Para entonces, Carles Lalueza-Fox estaba «agotado mentalmente» tras cuatro años de dedicación casi obsesiva a la paleogenética neandertal, y pensó dar un giro a su vida, por lo que se propuso escalar el Aconcagua, la montaña más alta de América, con sus 6.962 metros, proeza que había intentado con anterioridad en un par de ocasiones sin conseguirlo debido al mal tiempo. Aunque ahora también pensaba que era un objetivo fuera de su alcance, el 26 de enero de 2009 coronó la cima junto con su hermano y otros dos compañeros vascos. Fue un éxito que anticipaba otro, porque algunos días después se anunció la consecución del genoma neandertal, «una hazaña fascinante» que iba a cambiar el paradigma de la evolución humana, a provocar una oleada de debates y «a replantearnos el significado del concepto de humanidad».

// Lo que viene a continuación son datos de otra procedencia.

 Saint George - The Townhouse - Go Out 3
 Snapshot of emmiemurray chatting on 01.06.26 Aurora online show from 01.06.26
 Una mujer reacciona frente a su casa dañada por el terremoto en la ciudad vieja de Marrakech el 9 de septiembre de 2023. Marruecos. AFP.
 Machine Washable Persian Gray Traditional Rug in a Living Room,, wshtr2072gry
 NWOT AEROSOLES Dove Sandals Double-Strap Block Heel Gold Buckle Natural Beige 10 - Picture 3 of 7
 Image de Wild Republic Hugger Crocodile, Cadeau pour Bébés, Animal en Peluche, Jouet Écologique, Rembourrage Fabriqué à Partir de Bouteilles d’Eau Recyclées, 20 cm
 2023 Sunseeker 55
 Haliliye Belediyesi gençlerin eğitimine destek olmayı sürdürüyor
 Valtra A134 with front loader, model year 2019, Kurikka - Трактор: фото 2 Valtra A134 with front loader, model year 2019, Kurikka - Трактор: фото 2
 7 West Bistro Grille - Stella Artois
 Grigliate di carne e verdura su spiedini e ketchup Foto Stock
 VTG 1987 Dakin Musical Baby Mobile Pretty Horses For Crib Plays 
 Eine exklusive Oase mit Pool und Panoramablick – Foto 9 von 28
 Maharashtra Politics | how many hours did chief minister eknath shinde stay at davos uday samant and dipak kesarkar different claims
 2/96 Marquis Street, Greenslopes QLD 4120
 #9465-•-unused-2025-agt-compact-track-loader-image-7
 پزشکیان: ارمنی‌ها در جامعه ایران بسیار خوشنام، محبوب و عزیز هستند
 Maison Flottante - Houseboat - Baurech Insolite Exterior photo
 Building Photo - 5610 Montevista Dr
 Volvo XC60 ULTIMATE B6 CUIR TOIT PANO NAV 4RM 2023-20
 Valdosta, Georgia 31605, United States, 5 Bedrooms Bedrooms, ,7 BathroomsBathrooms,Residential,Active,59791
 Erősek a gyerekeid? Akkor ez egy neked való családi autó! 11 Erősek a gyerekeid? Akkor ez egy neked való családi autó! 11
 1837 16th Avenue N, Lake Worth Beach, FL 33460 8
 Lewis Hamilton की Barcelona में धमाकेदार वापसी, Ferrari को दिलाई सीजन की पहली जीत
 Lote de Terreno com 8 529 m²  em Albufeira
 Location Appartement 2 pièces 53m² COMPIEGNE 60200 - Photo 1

El genoma era un capítulo cerrado que abría otro nuevo. El objetivo ahora era determinar el sexo y el linaje mitocondrial -herencia materna- de la familia de El Sidrón. Los resultados determinaron que las conclusiones de Antonio Rosas a partir de los restos óseos eran correctas: en el grupo había tres adultos varones y tres mujeres, tres adolescentes de 12 a 15 años, y tres infantiles, entre 2 y 9 años. Muchos de ellos parecían mantener algún grado de parentesco y proceden de una misma población con muy escasa diversidad genética, lo que, dicho de otra forma, eran grupos humanos pequeños. Quizás eso contribuyó al final violento de la familia de El Sidrón, devorada por sus propios congéneres.